韓国当局が明らかにしたところによると、女性アナウンサーが唐突に「今から27号探査隊員のための遠隔教育大学数学復習課題をお伝えします」と前置きした後、「459ページ35番、913ページ55番、135ページ86番」と、12分間にわたりページ数と番号を次々と読み上げたようだ。どれも5桁の数字だった。5桁の数字による「暗号放送」はかつての北朝鮮のやり方と全く同じだ。
2000年6月に史上初めて実現した南北首脳会談で合意するまで南北は凄まじい諜報、心理戦を展開していたが、1990年代まで北朝鮮は日韓など国外に潜入した工作員に短波のラジオ放送に紛れ込ませる形で暗号の指令を送っていた。
韓国でインタビューした複数の元北朝鮮工作員らの話では、当時は深夜1時から放送が始まり、曲と曲との間に次々と5桁の数字が読み上げられ、それが早朝の5時まで続いたそうだ。
この5桁の数字は「誰が何をしろ」という暗号で、自分の番号を聞くと、工作員は暗号解読マニュアルで任務内容を確認し、行動に移る。当時はこの方式のほかに、5桁の数字を、短波放送を使ってモールス通信で送る方式や、通常の長波に乗せて送る方式もあったという。
指令の数は日によって増減があり、朝鮮半島の情勢が緊張するとか、何か異変が起きた時には増加する。日本でも領海に不審船事件が浸透する前には目立って増え、200近いラインに指令が出たことが確認されている。
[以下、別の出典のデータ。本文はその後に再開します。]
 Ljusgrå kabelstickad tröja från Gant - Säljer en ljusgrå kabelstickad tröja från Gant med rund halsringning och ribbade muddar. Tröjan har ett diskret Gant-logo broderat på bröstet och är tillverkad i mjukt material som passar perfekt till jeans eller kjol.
指令内容は、脱北者らの話を総合すると、▲軍事施設及び有事の際に攻撃対象となる産業施設に対する偵察活動▲北朝鮮の利益に関わる政治軍事情報の収集▲協力者や情報提供者らの獲得や抱き込み▲ココム違反物品など重要物資の調達や産業情報の入手▲テロと破壊活動などが主とされている。この他に、麻薬の取引にも使われることもある。
デジタル時代になった今ではメールあるいは映像やオーディオファイルという手法が取り入れら、ほとんど使われることのないアナログ方式による乱数放送を北朝鮮が復活させた狙いについて韓国当局は▲韓国の情報当局を混乱させるため▲本当に潜伏しているスパイに指令を出すため▲これから送り込むスパイの定期訓練のためレッスンと分析しているが、韓国の対北向け拡声器放送や「自由アジア放送」など攪乱情報を流す対北心理作戦媒体による放送への対抗手段との見方もある。工作活動を活発に行っていることを強調することで朴槿恵政権を心理的に圧迫する狙いがあるのかもしれない。
北朝鮮のミサイル発射や韓国のTHAAD(高高度防衛ミサイルシステム)配備や5度目の核実験の兆候により朝鮮半島の緊張が高まる中でのこうした「乱数放送」の再開は、何とも不気味だ。